Indirect and Opportunity Costs: Investors do not need to spend a lot of time to find out the latest price of the stock: it is instantly available from many sources (e.g., from the Internet such as Yahoo!Finance). So, the information research costs are very low: unlike a house, the value of a stock is immediately known. Finally, upon demand, a buyer can be found practically instantaneously, so search and waiting costs are also very low. Recall the often multi-month waiting periods if you want to sell your house.
Compare the financial securities transaction costs to the transaction costs in selling a house.Broker fees alone are typically 6%: for the $100,000 equity investment in the $500,000 house, this comes to $30,000 for a round-trip transaction. Add the other fees and waiting time to this cost and you are in for other transaction costs, say, another $10,000. And houses are just one example: Many transactions of physical goods or labor services (but not all) can incur similarly high transaction costs.

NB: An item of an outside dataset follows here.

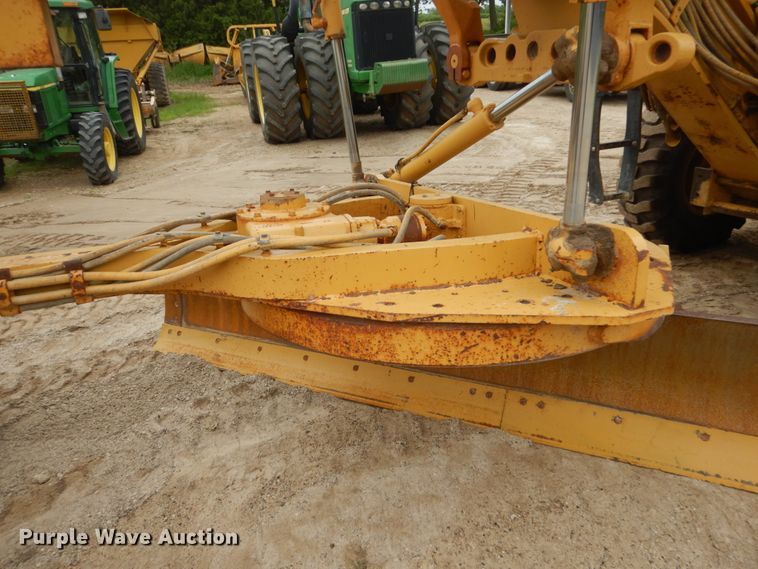 image for item FX9186 2001 Caterpillar 140H  motor grader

In contrast, if you want to buy or sell 100 shares in, say, Microsoft stocks, your transaction costs are relatively tiny. Because there are many buyers and many sellers, financial transaction costs are comparably tiny. Even for a $100,000 equity investment in a medium-sized firm’s stock, the transaction costs are typically only about $300–$500. To oversimplify, this blog will make the incorrect, but convenient assumption that financial transaction costs are zero (unless otherwise described). For individuals buying and selling ordinary stocks only rarely (a buy-and-hold investor), a zero transaction cost assumption is often quite reasonable.